== Task requirements ==
Return exactly the lines below, starting with the one that has "AI Gülüş Tasarımı - Önce ve Sonra" and going on through the one that has "Нерв пояси зарарланиш".

[Stored dataset items]

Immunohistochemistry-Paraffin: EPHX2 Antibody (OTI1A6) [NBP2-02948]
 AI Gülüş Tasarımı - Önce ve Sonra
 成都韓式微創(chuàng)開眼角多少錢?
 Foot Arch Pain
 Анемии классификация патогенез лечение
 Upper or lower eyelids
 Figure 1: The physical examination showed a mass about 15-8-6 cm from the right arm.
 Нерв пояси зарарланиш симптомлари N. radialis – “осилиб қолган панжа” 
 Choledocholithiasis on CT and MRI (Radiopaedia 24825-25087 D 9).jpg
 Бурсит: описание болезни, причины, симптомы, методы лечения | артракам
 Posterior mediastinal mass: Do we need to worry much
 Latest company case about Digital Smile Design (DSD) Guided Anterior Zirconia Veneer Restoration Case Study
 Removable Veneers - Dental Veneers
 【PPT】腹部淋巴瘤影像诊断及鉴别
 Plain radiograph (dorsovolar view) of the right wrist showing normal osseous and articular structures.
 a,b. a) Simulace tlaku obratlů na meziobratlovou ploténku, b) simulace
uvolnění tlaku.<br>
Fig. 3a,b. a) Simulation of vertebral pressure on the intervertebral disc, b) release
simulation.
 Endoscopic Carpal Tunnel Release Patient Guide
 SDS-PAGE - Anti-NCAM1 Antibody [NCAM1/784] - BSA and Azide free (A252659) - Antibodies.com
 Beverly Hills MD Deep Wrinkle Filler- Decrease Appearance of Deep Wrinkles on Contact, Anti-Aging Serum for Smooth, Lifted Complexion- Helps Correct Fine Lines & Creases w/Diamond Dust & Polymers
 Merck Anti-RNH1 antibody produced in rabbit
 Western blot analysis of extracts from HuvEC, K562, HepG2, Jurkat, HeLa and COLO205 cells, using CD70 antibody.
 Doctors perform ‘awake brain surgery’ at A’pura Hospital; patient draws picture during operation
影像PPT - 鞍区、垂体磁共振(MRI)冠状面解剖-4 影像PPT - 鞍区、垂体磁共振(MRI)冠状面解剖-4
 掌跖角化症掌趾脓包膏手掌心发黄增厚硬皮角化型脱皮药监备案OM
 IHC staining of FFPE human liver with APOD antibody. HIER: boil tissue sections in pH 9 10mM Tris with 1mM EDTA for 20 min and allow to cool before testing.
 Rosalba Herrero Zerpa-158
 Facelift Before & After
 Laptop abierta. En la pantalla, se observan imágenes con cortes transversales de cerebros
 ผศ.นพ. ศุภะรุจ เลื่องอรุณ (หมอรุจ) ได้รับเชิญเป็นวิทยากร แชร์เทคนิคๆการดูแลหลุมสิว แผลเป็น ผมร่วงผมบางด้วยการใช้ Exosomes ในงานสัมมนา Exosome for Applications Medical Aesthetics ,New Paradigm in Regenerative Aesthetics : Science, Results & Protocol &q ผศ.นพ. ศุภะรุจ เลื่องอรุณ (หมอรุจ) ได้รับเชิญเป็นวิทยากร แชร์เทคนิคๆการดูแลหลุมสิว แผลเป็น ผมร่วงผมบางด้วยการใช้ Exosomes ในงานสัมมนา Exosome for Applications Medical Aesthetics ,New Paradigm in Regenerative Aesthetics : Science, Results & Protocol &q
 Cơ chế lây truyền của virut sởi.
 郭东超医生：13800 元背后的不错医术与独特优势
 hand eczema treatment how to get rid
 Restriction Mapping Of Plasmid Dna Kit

== Task output ==
 AI Gülüş Tasarımı - Önce ve Sonra
 成都韓式微創(chuàng)開眼角多少錢?
 Foot Arch Pain
 Анемии классификация патогенез лечение
 Upper or lower eyelids
 Figure 1: The physical examination showed a mass about 15-8-6 cm from the right arm.
 Нерв пояси зарарланиш симптомлари N. radialis – “осилиб қолган панжа” 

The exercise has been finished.